Jesus had just healed a man who had been disabled for thirty-eight years. The healing he sought in the waters of a pool, Jesus had given with two words: “Get up.” By all accounts, people should have been rejoicing with this man, but there was only one problem for some—his healing happened on the Sabbath, and Jesus encouraged him to pick up his mat and walk. Forget the healing, but carrying a mat? Not good.
In his defense Jesus said to them, “My Father is always at his work to this very day, and I too am working.” For this reason they tried all the more to kill him; not only was he breaking the Sabbath, but he was even calling God his own Father, making himself equal with God.
John 5:17-18 NIV
The tension was quickly building. The more Jesus spoke, healed, and just hung around the area, the more the Jewish leaders wanted him dead. He was gathering a following and messing up the narrative.
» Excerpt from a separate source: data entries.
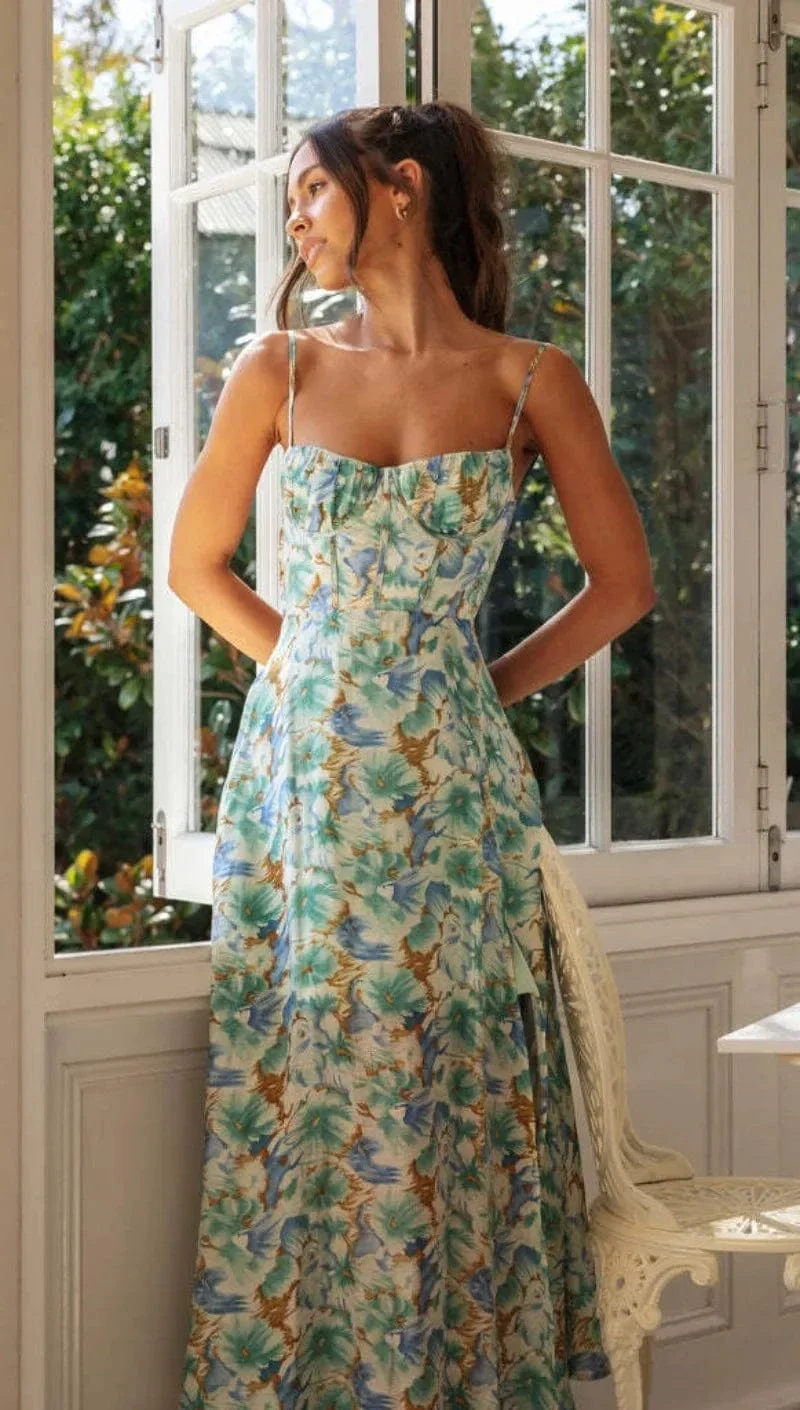 Robe fleurie dos nu fendue fluide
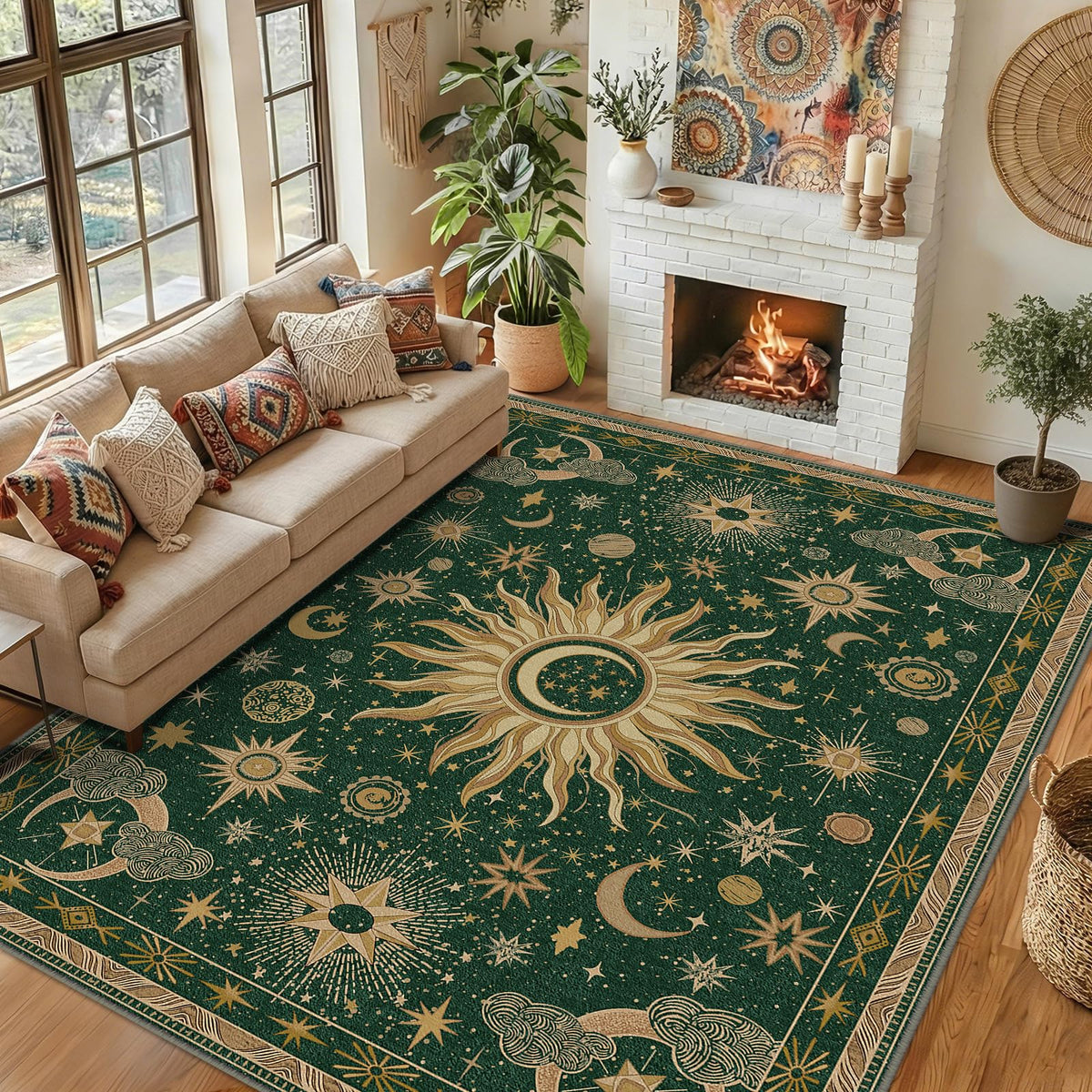 Vacuum-Friendly, 5x7 Washable Area Rug, Black Gold Beige Red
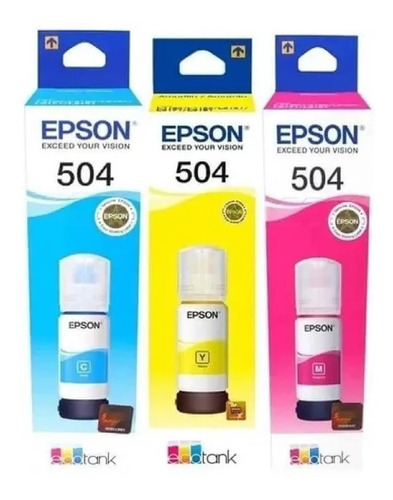 Combo Tinta Epson 504 Original x3 Colores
Sound familiar?
Elton Trueblood writes:
Christ can be accepted; He can be rejected; He cannot reasonably be ignored.
EltonTrueblood, Confronting Christ
What does it feel like to serve the one other people just want to see disappear?
I had no idea the animosity he was causing until the day the cross in my office fell off the wall. To be clear, that cross was given to me by a former colleague, who was both gay and an atheist, so I did not hang it there to cause an affront to others. I was glad to be able to say it was a gift. (The cross hanging in my car was given to me and my husband by a Muslim friend. Seems people like to give us crosses.)
Now, however, this cross was on the floor, because someone had banged my wall from the other side with a book cart. As everything shook, I yelled out, “Hey, what’s going on out there?” That’s when a colleague stuck his head in as I was reaching behind my credenza to find my cross. “My cross fell off,” I said. “That’s where it should stay,” came the response.
Not sure how to answer, I recovered the symbol of my faith from the floor and rehung it in silence. The source of his rejection stared me in the face.
What response are your attempts to live for Christ getting from those around you? Acceptance? Rejection? No middle ground remains when you serve the one they killed two thousand years ago and continue trying to silence today.